The economic security belt Assad has built also finances some of the army’s operations and contributes to the new welfare programs announced by the regime a few days ago. These plans are aimed at calming the storm surrounding the Makhlouf affair and its exposure of the regime’s corruption.

At the start of the week, the regime permitted private firms to import fertilizer, a product that has been controlled solely by the government, reduced customs taxes by about half on animal feed and seeds, and raised the quota on agricultural machinery imports from 1,000 to 5,000, which may be sold to farmers for loans on comfortable terms. At the same time the regime has ordered the establishment of popular markets where basic goods may be sold at wholesale prices, and even at a 15% discount, bypassing retail markups. Another order aims to encourage local production by listing 67 products whose manufacturers would win substantial benefits for making them locally instead of relying on imports.

Students from bereaved families and military personnel will also enjoy some benefits. Universities and colleges have been ordered to provide full scholarships for tuition, housing, and transportation for two percent of students, those who fall in these categories, even if they earn failing grades.

The costs of these orders to the state coffers are unknown and the criteria for the benefits are not set in stone. Based on past experience eligible people will have to tip officials and inspectors and navigate a complex web of mediators to receive any of the benefits provided under the law. Even the newly opened import channels for the private sector do not ensure that the government will abandon the system of charging additional fees that have lined the pockets of many people close to the regime, as well as contributed to a dizzying rise in prices and the Syrian lira’s nosedive to an unprecedented 1,500 to the dollar.

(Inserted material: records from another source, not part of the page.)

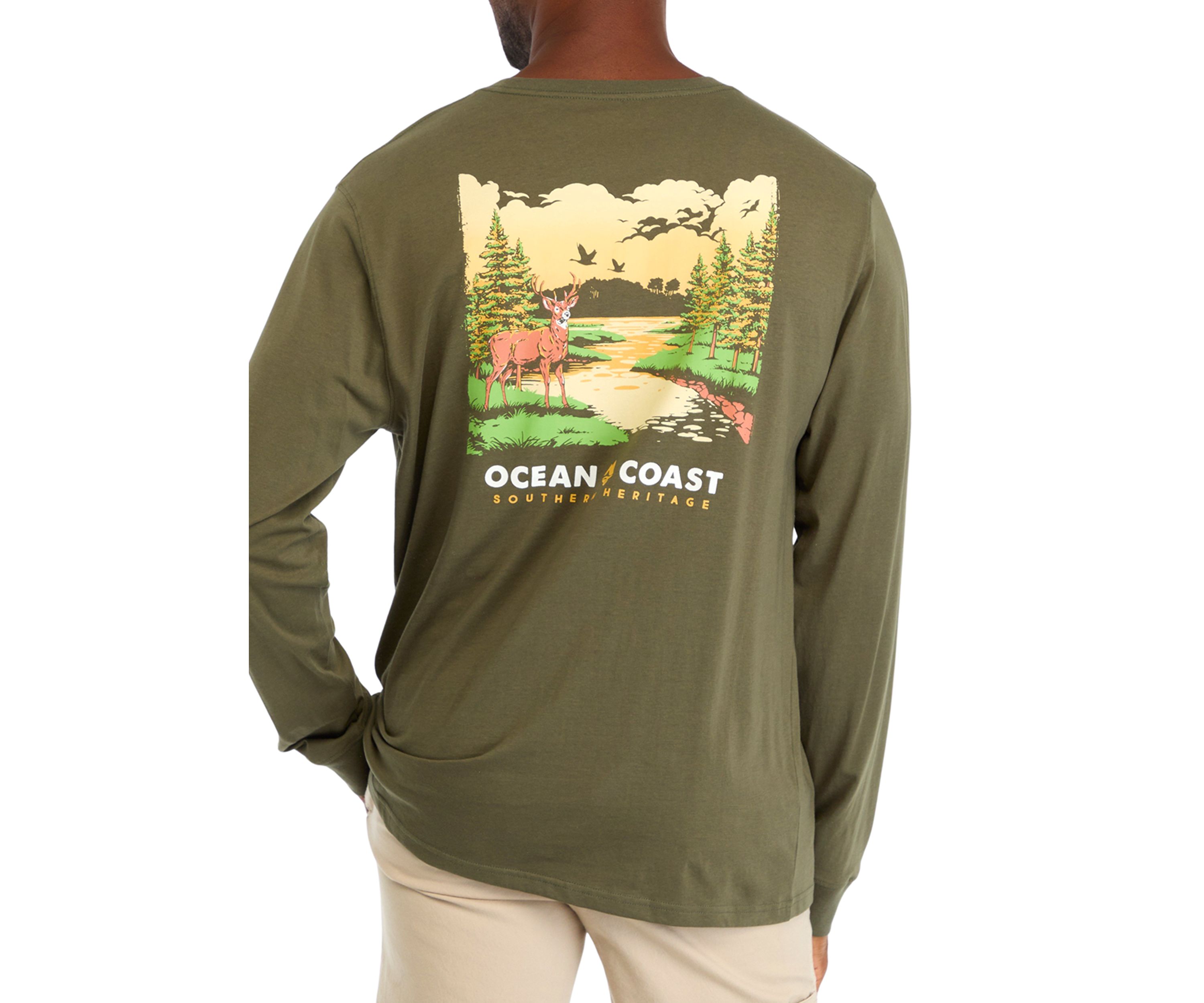 Geneca Long Sleeve Graphic T-Shirt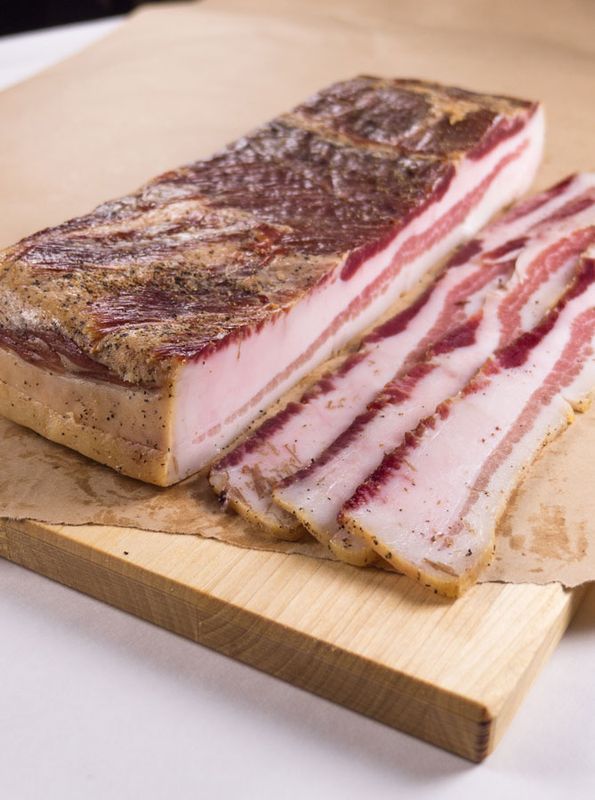 Pecan Wood Smoked Bacon - 24oz pkg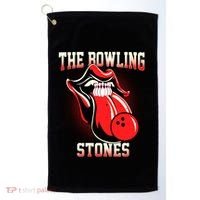 The Bowling Stones Golf Towel thumb 0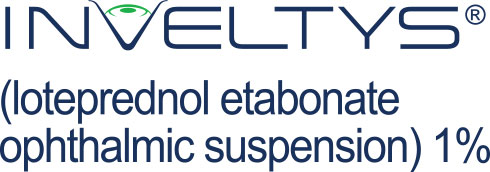 Inveltys (loteprednol etabonate ophthalmic suspension) 1% THERE IS NO GENERIC EQUIVALENT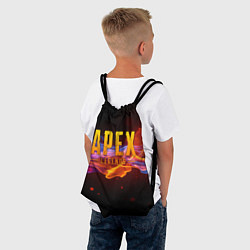 Рюкзак-мешок APEX LEGENDS, цвет: 3D-принт — фото 2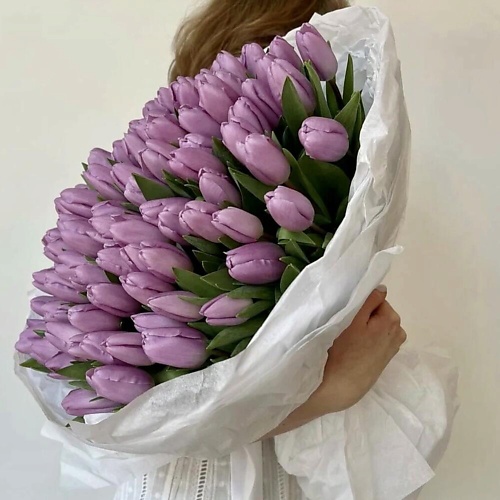 

ILE DE FLEURS Тюльпаны 101 шт, Тюльпаны 101 шт
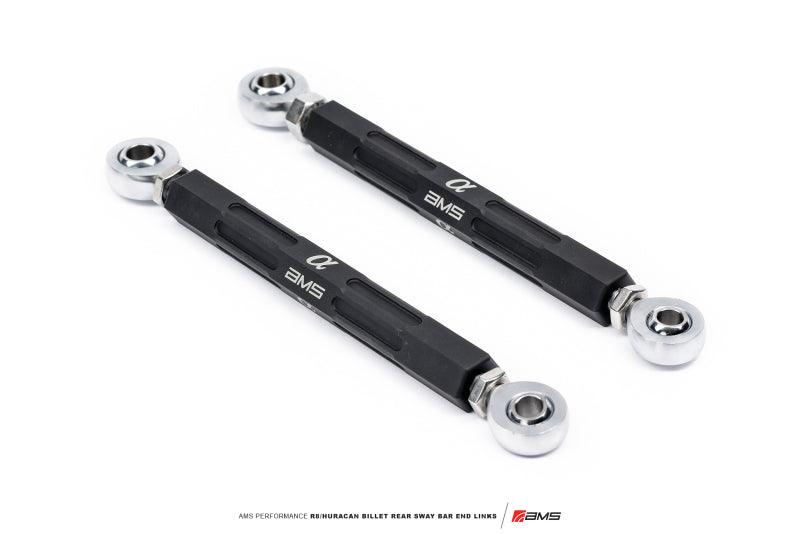 Billet Rear Sway Bar End Links 2017+ Audi R8 / 2015+ Lamborghini Huracan - Attacking the Clock Racing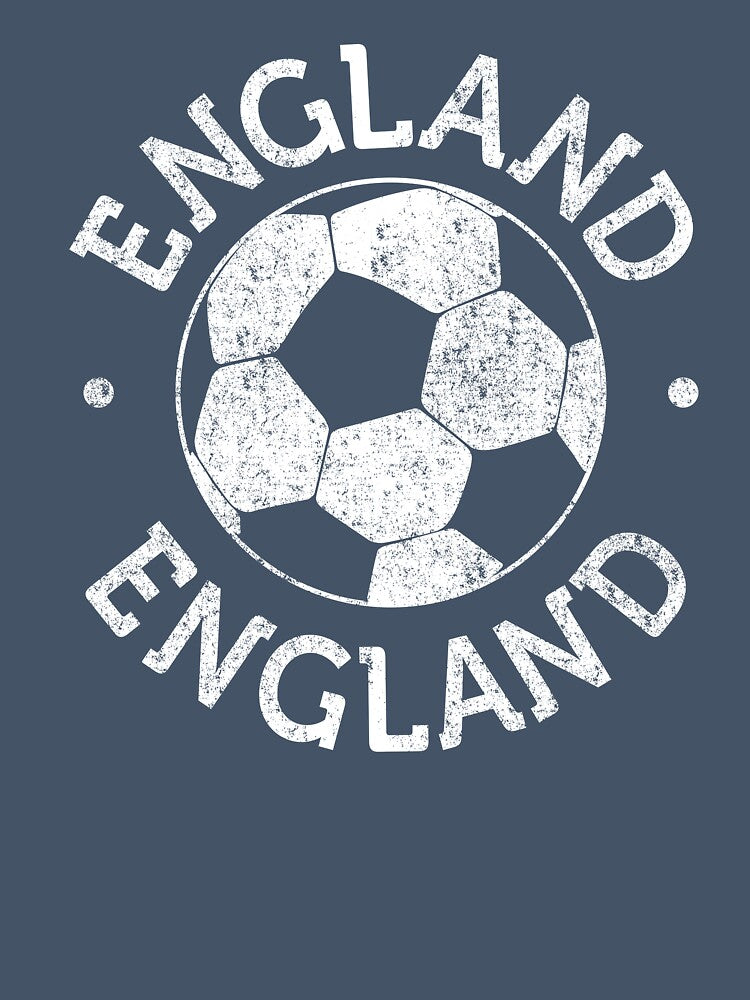 England football fan vintage by Bubsart78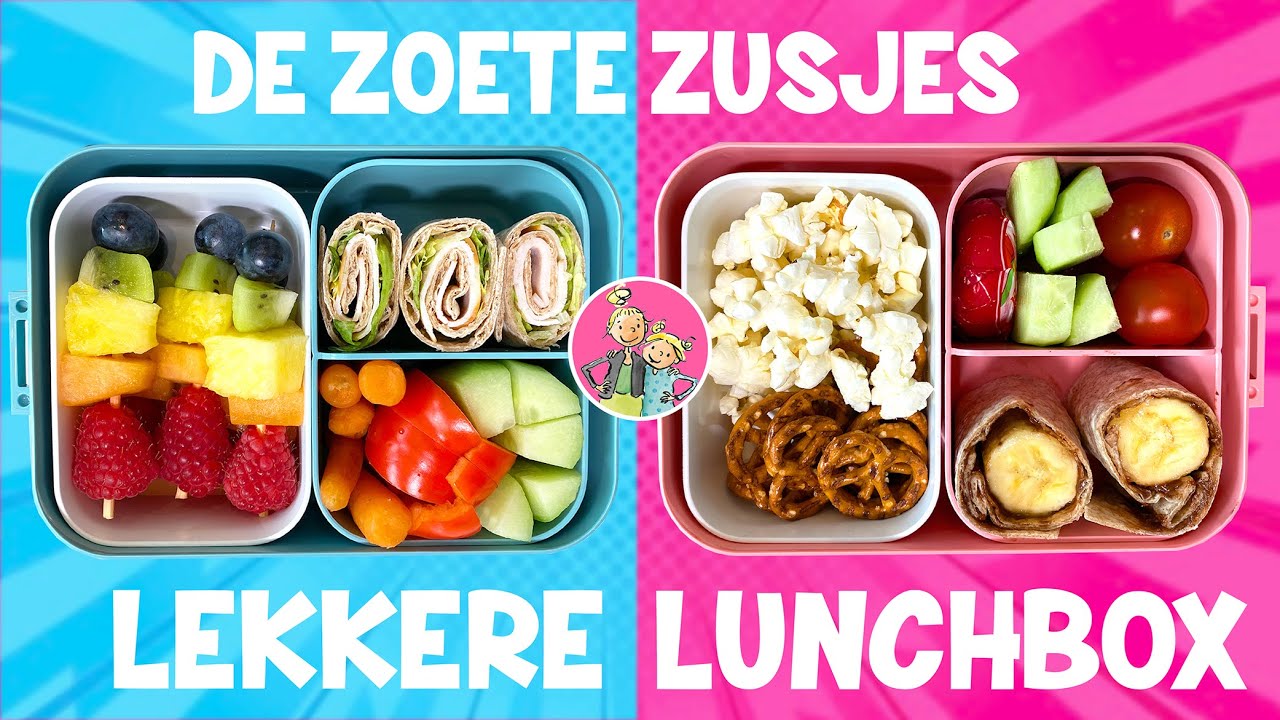 scheuren eindeloos zak LEKKERE LUNCHBOX IDEEËN voor KINDEREN!! [Lekker, Makkelijk & Gezond]  ♥DeZoeteZusjes♥ - YouTube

The Syrian finance minister had just one thing to say to citizens reading or hearing about the ring of wealth surrounding the president: “The citizens make enough money – if only they knew how to manage it.” The comment sparked such a storm on social media that the minister was forced to deny ever saying it. But the average Syrian citizen has already exhausted their toolbox of methods to maneuver around poverty, unemployment, the coronavirus, and the sweltering heat as the absence of any economic horizon extends before them.